The most success stories come from those who have built a business locally.


----------



## Tinkler (Feb 6, 2012)

so is it a case of just visiting local businesses in person?


----------



## drcigg (Feb 28, 2012)

I have heard it's tough to get into doing shirts for schools as they each have different people running things. Some have the athletic department purchase the shirts while others go through the pta. But I agree with starting local. You could do flyers, don't forget bulletin boards at the grocery stores. Also the local churches often times have sports teams for students or softball leagues for the adults. You could try a small ad in your local paper as well, craigslist too. It's all about getting your name out there. Word of mouth spreads like wildfire.


----------



## Anacaraka (Mar 25, 2012)

Starting your business locally with the unique and easy remember logo. Beside that, trying with unique design is a good starting.


----------



## ryan barker (Jul 21, 2011)

it depends on what service/s you offer, too, and if you're operating out of your garage or have a storefront people can visit. craigslist i guess is one way of getting your name out there, but so is facebook, twitter, etc.. have a website and, as you mentioned, SEO (which you can do yourself for a local market). 

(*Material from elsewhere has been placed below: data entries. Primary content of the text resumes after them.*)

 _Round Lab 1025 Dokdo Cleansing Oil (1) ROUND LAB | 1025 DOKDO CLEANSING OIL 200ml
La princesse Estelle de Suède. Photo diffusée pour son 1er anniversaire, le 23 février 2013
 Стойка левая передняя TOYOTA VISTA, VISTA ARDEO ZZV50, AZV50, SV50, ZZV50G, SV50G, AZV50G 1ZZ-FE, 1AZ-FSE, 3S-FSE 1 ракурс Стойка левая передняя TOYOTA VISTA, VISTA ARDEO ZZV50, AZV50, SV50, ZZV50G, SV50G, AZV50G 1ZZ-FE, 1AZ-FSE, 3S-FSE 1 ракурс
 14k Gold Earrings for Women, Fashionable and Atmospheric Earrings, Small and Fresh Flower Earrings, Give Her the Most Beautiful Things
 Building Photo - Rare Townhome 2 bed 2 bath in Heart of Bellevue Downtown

you can set up meetings with local businesses and at least touch base with them. 

yeah, getting with schools is tough. when they aren't corrupt as all get-out (in my experience, this applies mostly to the little league level), they usually have a pretty solid printer they've dealt with for years servicing them. to make it even harder, they often go to a one-stop shop for their printing and athletic equipment. i've never known any of them to go through the PTA where i'm at, rather the athletic board. sometimes a team mom, coach, or athletic director orders stuff. 

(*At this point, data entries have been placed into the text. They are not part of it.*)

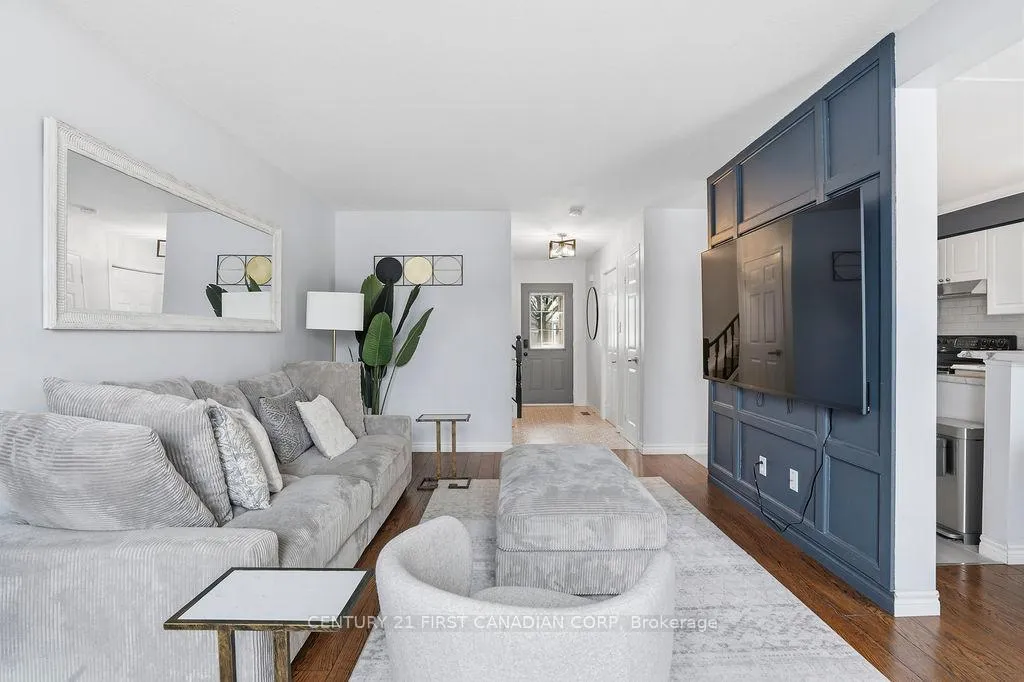 Photo 11 of Unit 28, 750 Osgoode Drive S, London, South Y — HOMEH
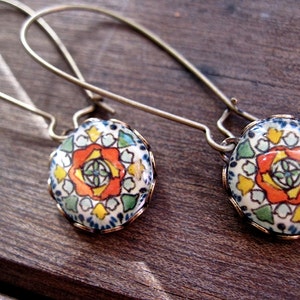 Southwestern jewelry, Mexican Talavera ceramic tile design cabochon, long dangle earrings, Mexican jewelry, Mexican tile jewelry, travel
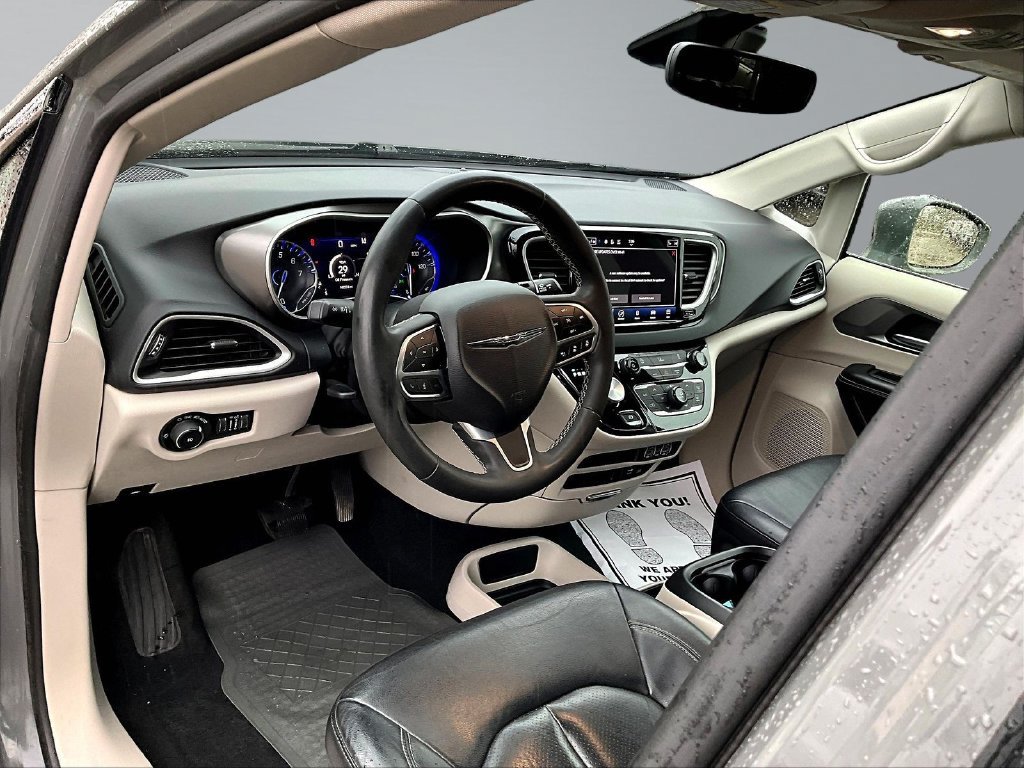 Used 2022 Chrysler Pacifica Touring-L FWD image 19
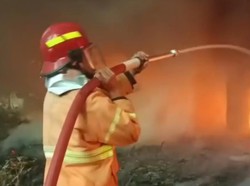 Pabrik Pengolahan Biji Plastik di Cirebon Hangus Dilalap Si Jago Merah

a lot of businesses, particularly with a sales staff, have their shirts embroidered, in which case you would outsource that with a local embroiderer.


----------



## ryan barker (Jul 21, 2011)

true, friends are great assets, but the average buddy will only be of help only so far. of course friends are where you start, but in the years to come you'll have a network of business contacts, clients, repeat customers, and that's who you need to start cultivating, the sooner the better. 

we have a small convenience store and trophy shop. i often get business just by striking up a conversation based on the shirt the guy wears that says 'coach' on it. what i'm getting at pay attention and if you can see a reason to hand someone a card, take it. make up a shirt advertising your store on it and wear it when you go out. be prepared to hand out a lot of business cards. you can post them at diners or grocery store bulletin boards if you want, it won't hurt. if you can put a magnetized sign on the side of a car, why not? (i would, but my city is stoopid about allowing who can and who can't do that, unbelievable as that sounds.)

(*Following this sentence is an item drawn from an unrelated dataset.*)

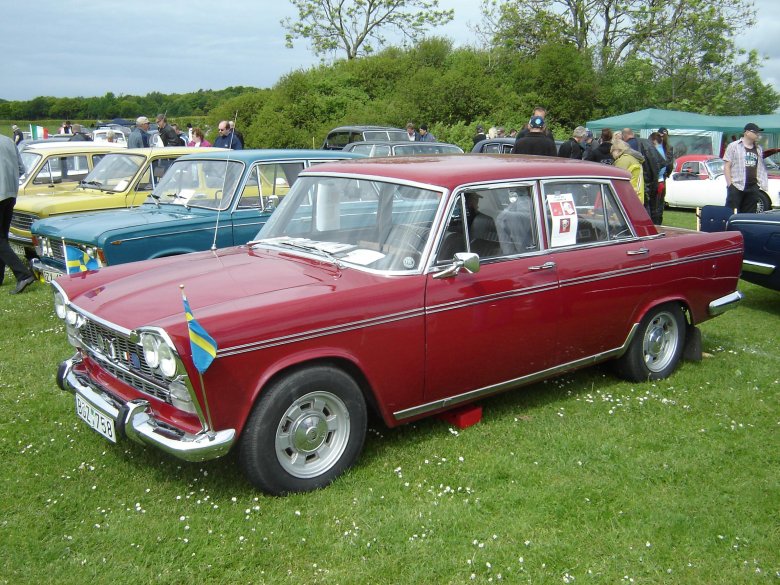 Fiat 2300 сзади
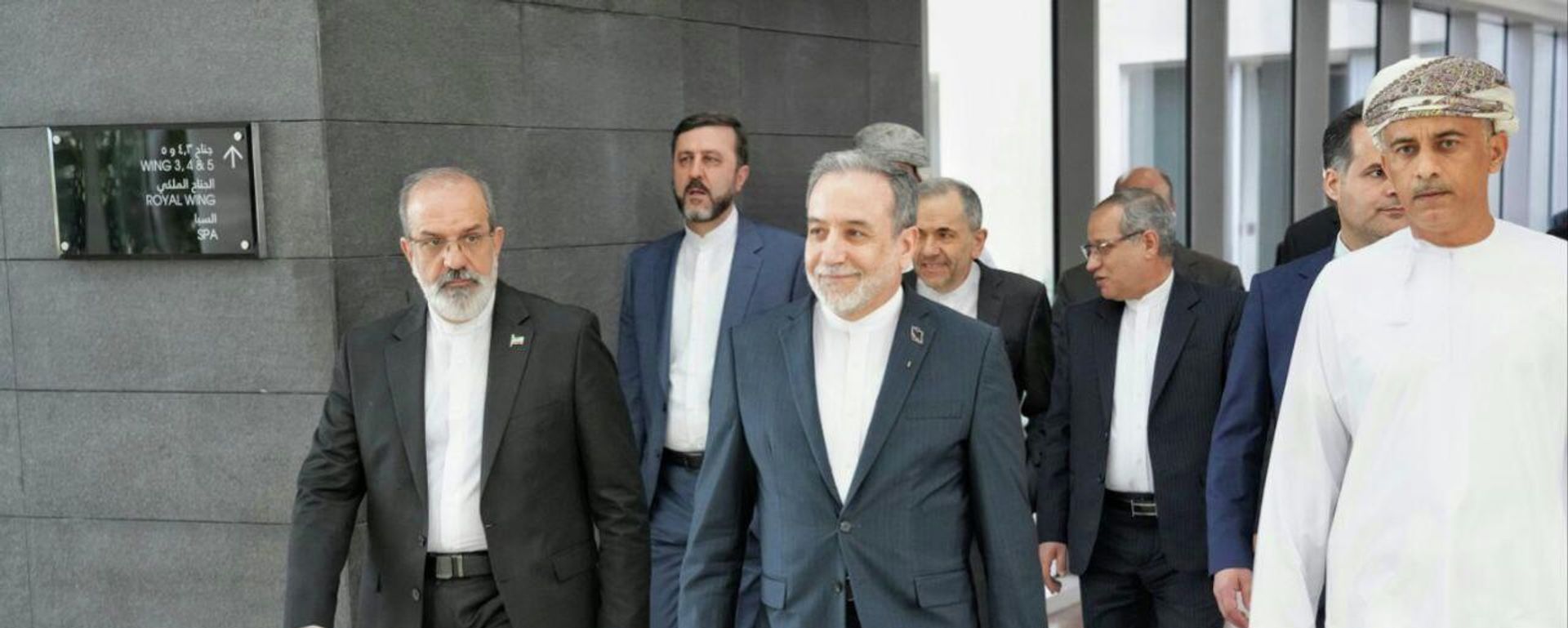 In this photo released by the Iranian Foreign Ministry, Iranian Foreign Minister Abbas Araghchi, center, heads to venue for talks between Iran and the U.S., in Muscat, Oman, Friday, Feb. 6, 2026.  - Sputnik International, 1920, 21.02.2026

by virtue of making shirts, people will find you. i don't know how they do, i think we must give off some kind of scent or something. you can't rely on the fates, though, so i'd be prepared to make some sales calls and see if you can set up an appointment with a manager or someone with some buying power.


----------



## EnMartian (Feb 14, 2008)

Try Twitter and Facebook. Follow local people and be part of the conversation. Also look into local search engines and make sure your company is listed in the proper categories and with the proper information. 

Join the local Chamber of Commerce and go to the networking events. 

Always wear your work when you're out and about in town. You never know who may be standing in line behind you at the store. 

Check with the local media outlets, radio, television and print, and see if they're looking for anyone to talk about fashion trends, or sports apparel or whatever your area of expertise may be. A lot of local media outlets are looking for experts and love to use local people.


----------